Long evenings and project procrastination found me in the cheap seats at the planning commission meeting Thursday. First up, a heliport permit application needing to satisfy 8 code criteria. Confusingly, the pitch came not from the applicant, but rather the borough manager, whose electronic apparition appeared regularly coaching the commissioners via zoom or texts relayed by the chair. Before each vote, commissioners were reminded of the manager’s written findings. This slacker hadn’t reviewed the packet so had to look up the letter afterwards, a tour de force finding no credible reason to consider denying the permit and a large body of evidence to support it. I learned that heliports don’t depress neighboring property values as 13 of 40 properties near the last heliport have appreciated since 2014. My shaky understanding of this issue was based on unanimously opposed public comment we’d just heard so the forced march to yes was surreal and alarming.

I don’t care for state and national politics.

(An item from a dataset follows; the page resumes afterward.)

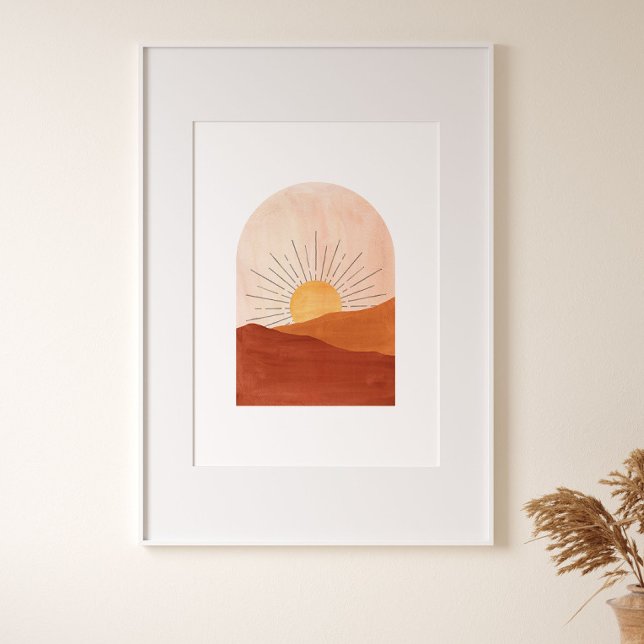Abstrakt terracotta, sol och öken poster (Skapare uppladdad)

It seems like political party operatives in Juneau or Washington script the thing in advance, stir neighbors into opposition, then sneak out the back door with what they came for. I much prefer local politics because usually nobody gets what they came for.

But everyone is heard, and everyone understands what happened. I can’t say I understood what happened Thursday. The unprofessional public process on display will not serve us well in navigating the complex development questions in store for our community.